Он не любил Рождество, и Новый год тоже не любил.
– Нонна Васильна! – позвал он, и его голос эхом отозвался в кафельном пространстве опер-блока. – Вы где?
Куплеты про маленькую елочку смолкли, и из двери во вторую операционную выглянула санитарка Люся.
– А!.. Дмитрий Антонович! Вам чего?
– Мне чего? – поразился Шумаков.
– В смысле… вам чего… угодно?
Люся была санитаркой «старой закалки».
В старину санитарок специальным образом закаляли так, чтобы они ненавидели всех больных, врачей, медсестер и свою работу. Для того чтобы закрепить это ценное для санитарок состояние, им мало платили, а работу поручали тяжелую и неблагодарную. С тех самых пор так и повелось – раз санитарка, значит, «старой закалки».
Люся на самом деле была добрейшей души женщина, очень исполнительная и трудолюбивая. Шумаков ее ценил, даже специально выписал из Склифа, когда ударился в «капиталистическое производство», то есть в коммерческую медицину. Люся долго сомневалась, уходить или оставаться, но с уходом Шумакова на прежнем месте работы стало совсем худо, и она решилась. Зарплата на новом месте у нее выходила раз в пять больше, а работы было раз в тридцать меньше.

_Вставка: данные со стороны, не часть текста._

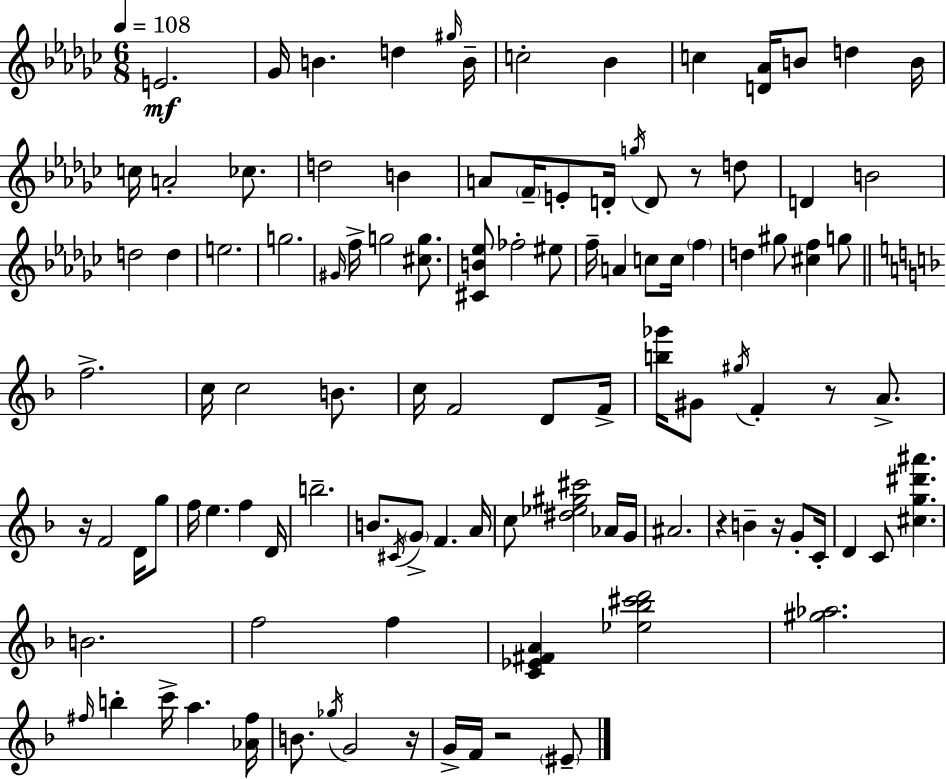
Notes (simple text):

E4/h. Gb4/s B4/q. D5/q G#5/s B4/s C5/h Bb4/q C5/q [D4,Ab4]/s B4/e D5/q B4/s C5/s A4/h CES5/e. D5/h B4/q A4/e F4/s E4/e D4/s G5/s D4/e R/e D5/e D4/q B4/h D5/h D5/q E5/h. G5/h. G#4/s F5/s G5/h [C#5,G5]/e. [C#4,B4,Eb5]/e FES5/h EIS5/e F5/s A4/q C5/e C5/s F5/q D5/q G#5/e [C#5,F5]/q G5/e F5/h. C5/s C5/h B4/e. C5/s F4/h D4/e F4/s [B5,Gb6]/s G#4/e G#5/s F4/q R/e A4/e. R/s F4/h D4/s G5/e F5/s E5/q. F5/q D4/s B5/h. B4/e. C#4/s G4/e F4/q. A4/s C5/e [D#5,Eb5,G#5,C#6]/h Ab4/s G4/s A#4/h. R/q B4/q R/s G4/e C4/s D4/q C4/e [C#5,G5,D#6,A#6]/q. B4/h. F5/h F5/q [C4,Eb4,F#4,A4]/q [Eb5,Bb5,C#6,D6]/h [G#5,Ab5]/h. F#5/s B5/q C6/s A5/q. [Ab4,F#5]/s B4/e. Gb5/s G4/h R/s G4/s F4/s R/h EIS4/e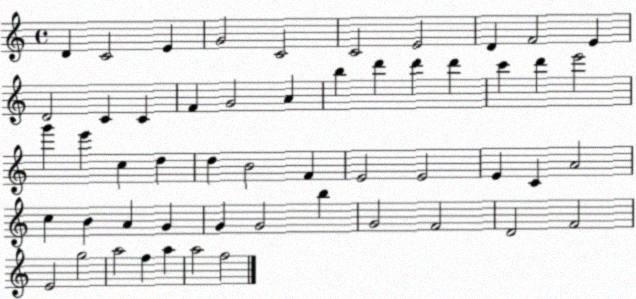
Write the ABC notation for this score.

X:1
T:Untitled
M:4/4
L:1/4
K:C
D C2 E G2 C2 C2 E2 D F2 E D2 C C F G2 A b d' d' d' c' d' e'2 g' e' c d d B2 F E2 E2 E C A2 c B A G G G2 b G2 F2 D2 F2 E2 g2 a2 f a a2 f2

Да премии, да вежливое окружение, да еще чистенькие, богатенькие больные и их душевные родственники! И никаких ножевых и пулевых ранений, и никаких топоров в спине, и никакой рвоты и кровищи на сверкающем полу, но Люся все же иногда вздыхала и печалилась – из Института Склифосовского, где все заняты спасением человечества, почти никто и никогда не уходил в коммерческую медицину.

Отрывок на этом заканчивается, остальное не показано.